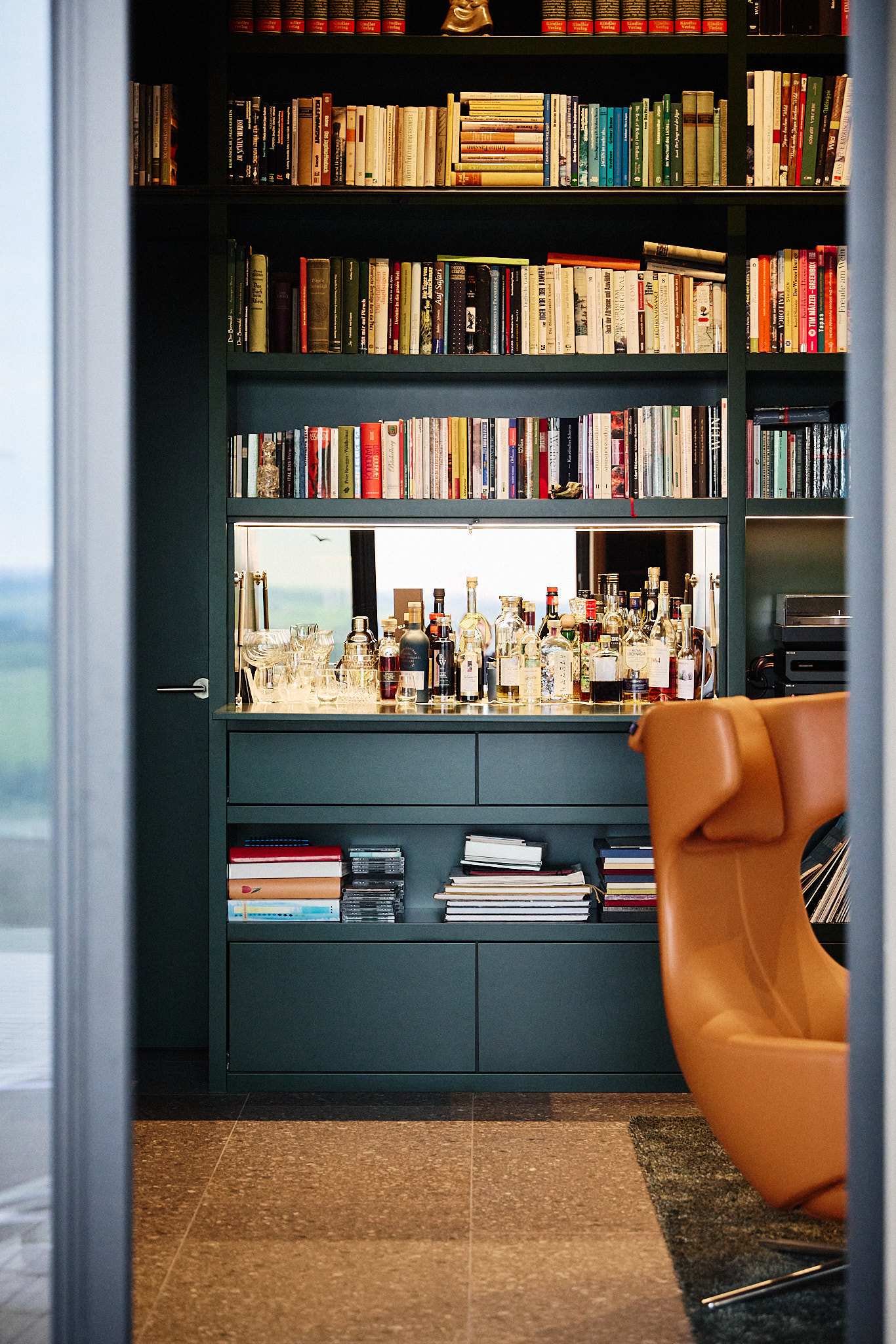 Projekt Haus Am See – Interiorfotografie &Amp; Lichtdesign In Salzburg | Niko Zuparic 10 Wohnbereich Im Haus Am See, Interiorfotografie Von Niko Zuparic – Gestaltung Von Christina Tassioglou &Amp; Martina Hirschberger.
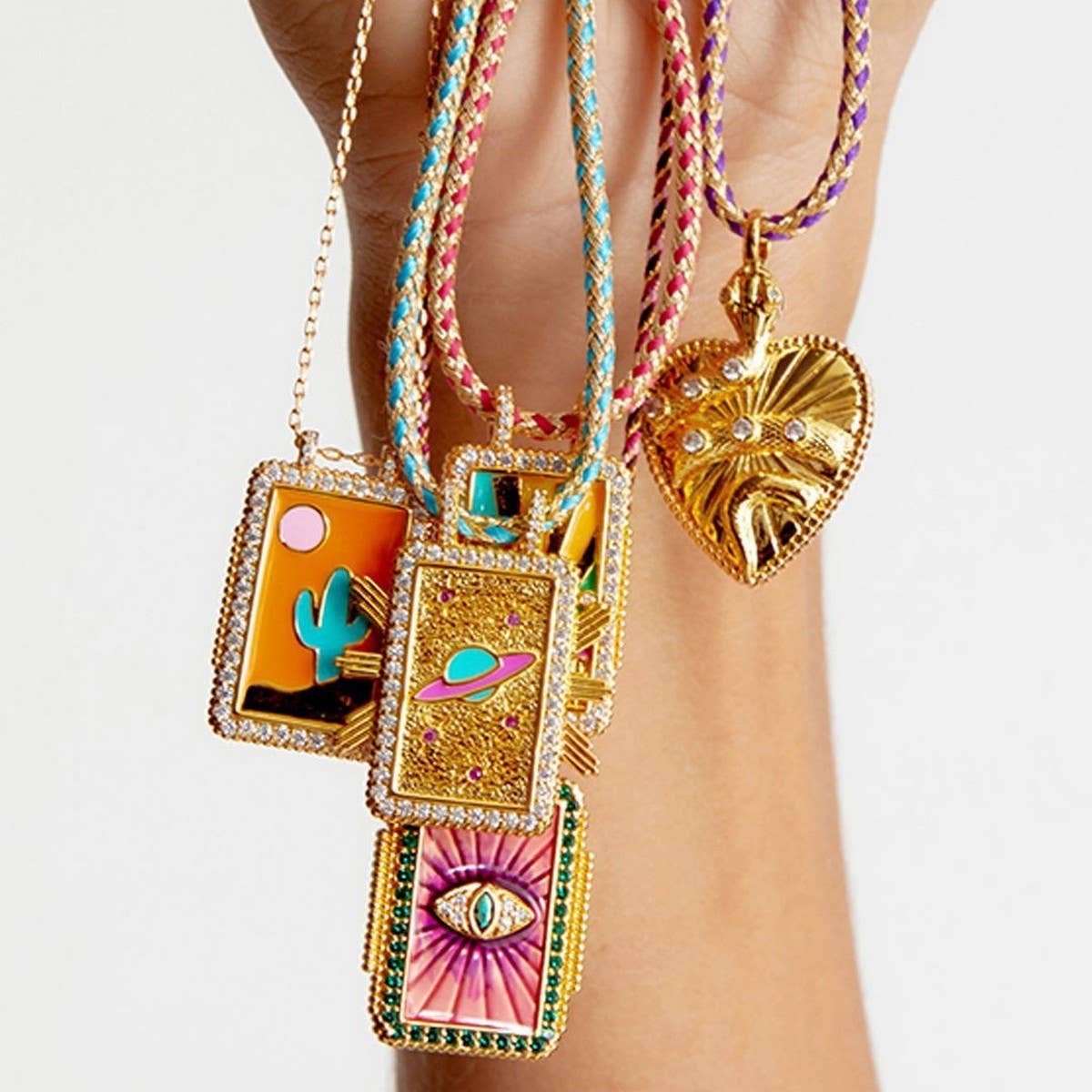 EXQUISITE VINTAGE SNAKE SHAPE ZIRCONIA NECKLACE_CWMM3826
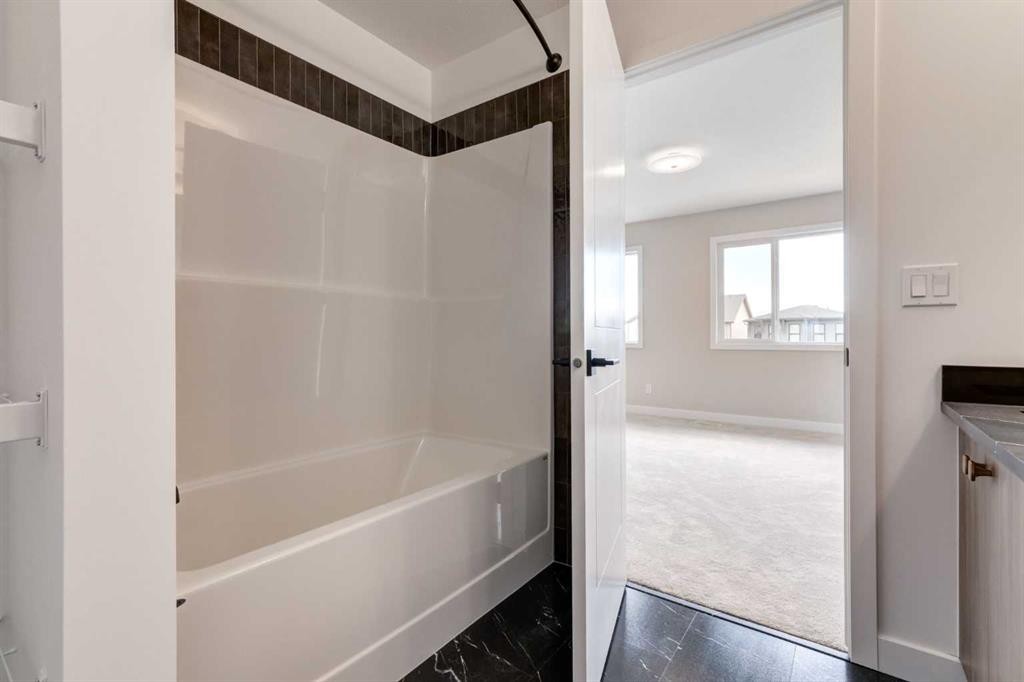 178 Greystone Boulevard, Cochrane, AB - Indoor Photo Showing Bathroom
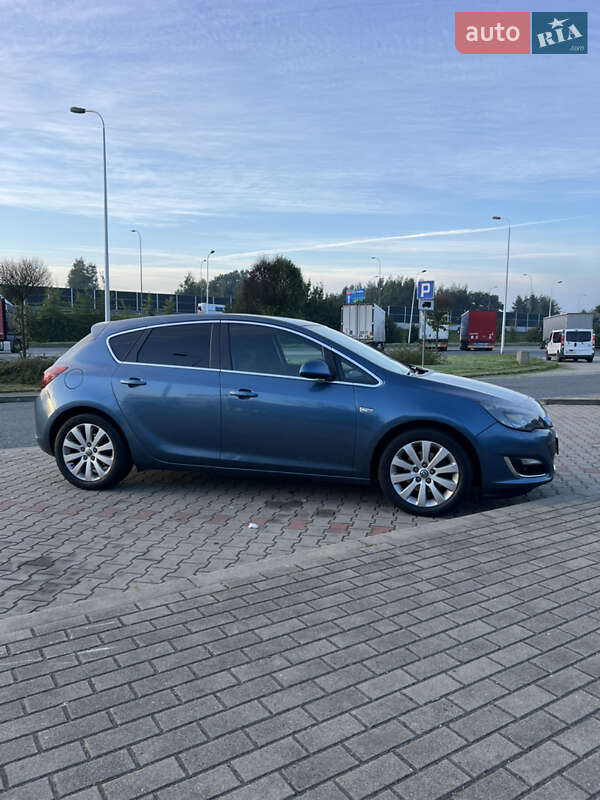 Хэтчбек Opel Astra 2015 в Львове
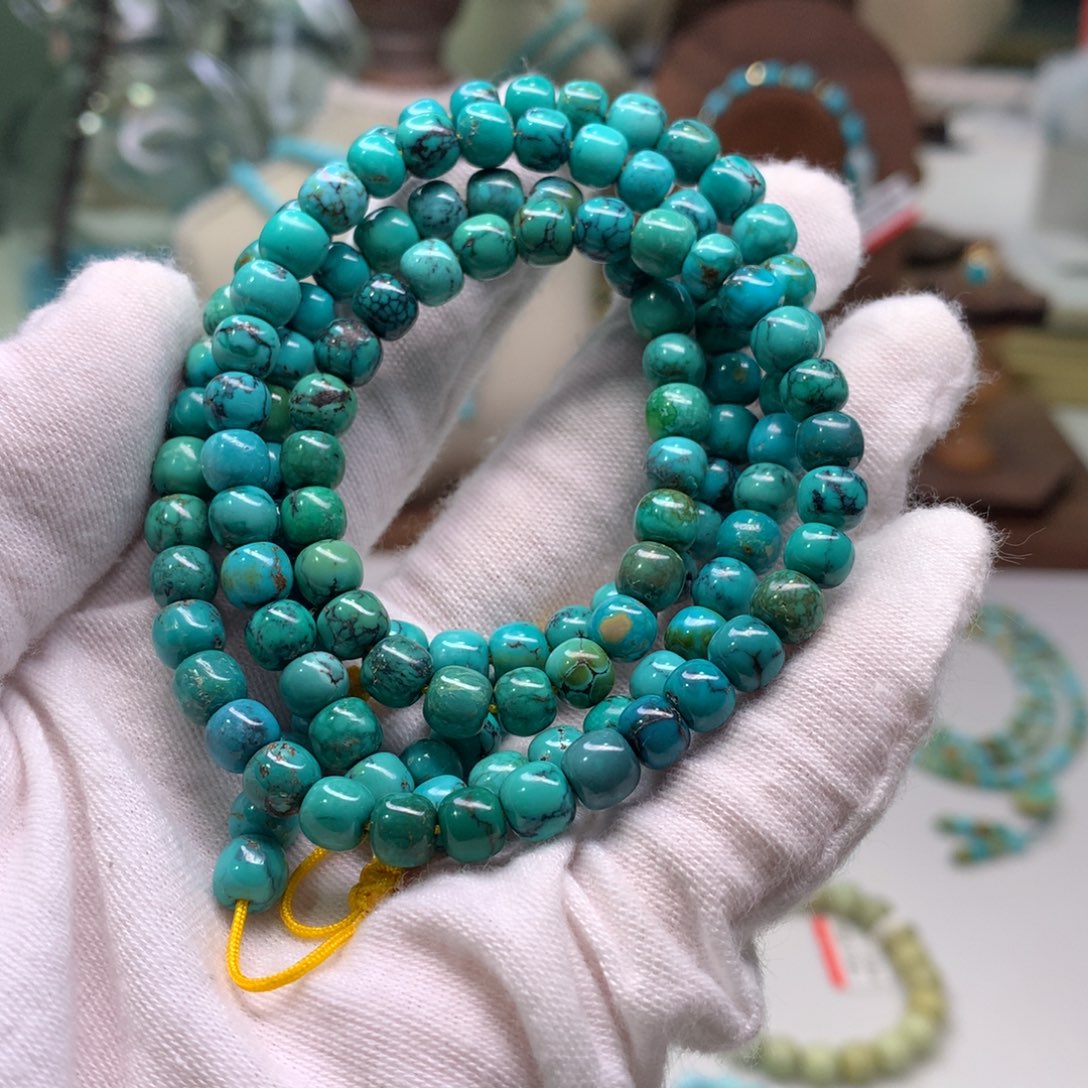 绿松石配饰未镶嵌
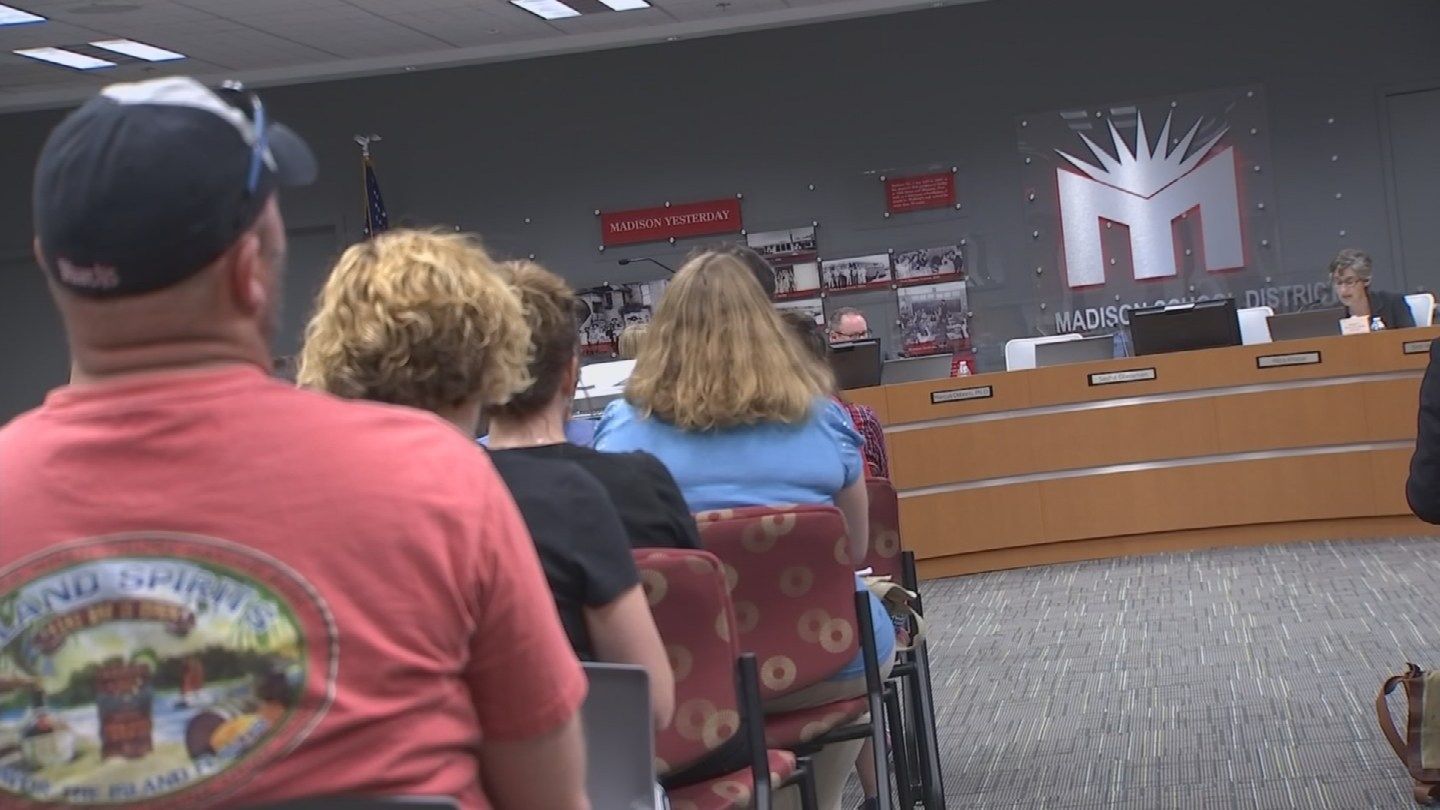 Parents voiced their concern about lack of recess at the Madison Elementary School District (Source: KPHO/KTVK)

WHAT IS BEING ASKED »
Copy out exactly the lines between the line containing "178 Greystone Boulevard, Cochrane, AB" and the end of the entries, including both, and leave the pictures behind.

TASK SOLUTION »
 178 Greystone Boulevard, Cochrane, AB - Indoor Photo Showing Bathroom
 Хэтчбек Opel Astra 2015 в Львове
 绿松石配饰未镶嵌
 Parents voiced their concern about lack of recess at the Madison Elementary School District (Source: KPHO/KTVK)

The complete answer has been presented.